I am using sklearn.svm.svc from scikit-learn to do binary classification. I am using its predict_proba() function to get probability estimates. Can anyone tell me how predict_proba() internally calculates the probability?
Scikit-learn uses LibSVM internally, and this in turn uses Platt scaling, as detailed in this note by the LibSVM authors, to calibrate the SVM to produce probabilities in addition to class predictions.

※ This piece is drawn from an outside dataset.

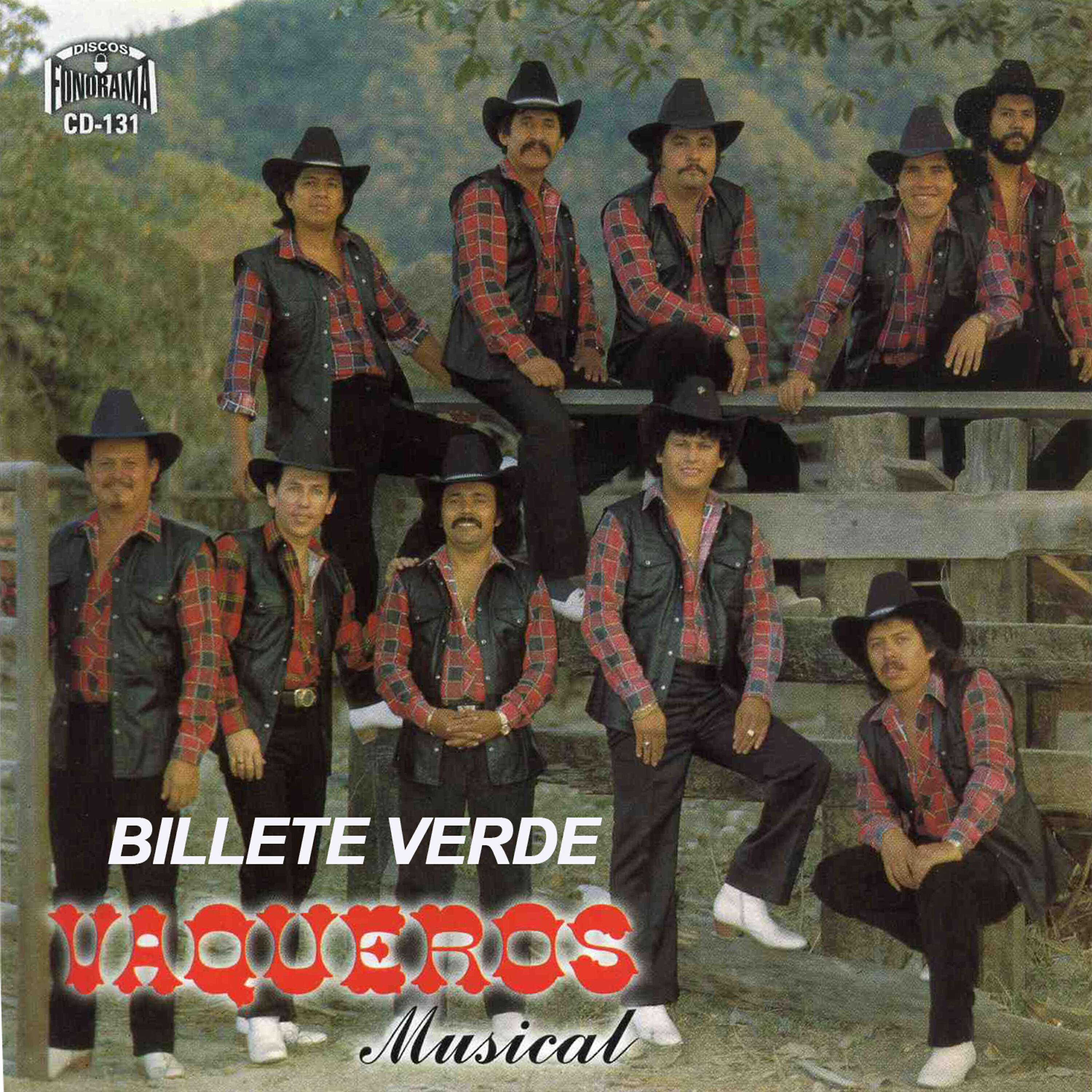 Релиз Billete Verde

Platt scaling requires first training the SVM as usual, then optimizing parameter vectors A and B such that
P(y|X) = 1 / (1 + exp(A * f(X) + B))
where f(X) is the signed distance of a sample from the hyperplane (scikit-learn's decision_function method). You may recognize the logistic sigmoid in this definition, the same function that logistic regression and neural nets use for turning decision functions into probability estimates.

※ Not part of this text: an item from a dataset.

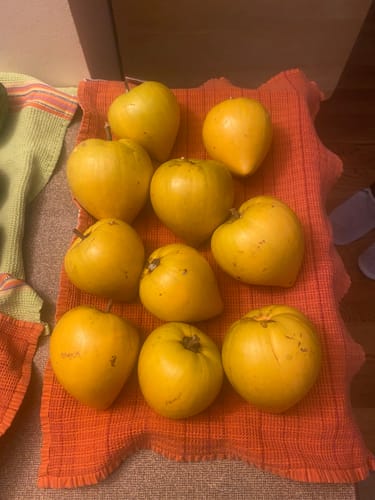 Customer's ten whole yellow Eggfruit displayed on a bright orange cloth.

Mind you: the B parameter, the "intercept" or "bias" or whatever you like to call it, can cause predictions based on probability estimates from this model to be inconsistent with the ones you get from the SVM decision function f. E.g. suppose that f(X) = 10, then the prediction for X is positive; but if B = -9.9 and A = 1, then P(y|X) = .475. I'm pulling these numbers out of thin air, but you've noticed that this can occur in practice.
Effectively, Platt scaling trains a probability model on top of the SVM's outputs under a cross-entropy loss function. To prevent this model from overfitting, it uses an internal five-fold cross validation, meaning that training SVMs with probability=True can be quite a lot more expensive than a vanilla, non-probabilistic SVM.
Actually I found a slightly different answer that they used this code to convert decision value to probability
'double fApB = decision_value*A+B;
if (fApB >= 0)
return Math.exp(-fApB)/(1.0+Math.exp(-fApB));
else
return 1.0/(1+Math.exp(fApB)) ;'
Here A and B values can be found in the model file (probA and probB).
It offers a way to convert probability to decision value and thus to hinge loss.
Use that ln(0) = -200.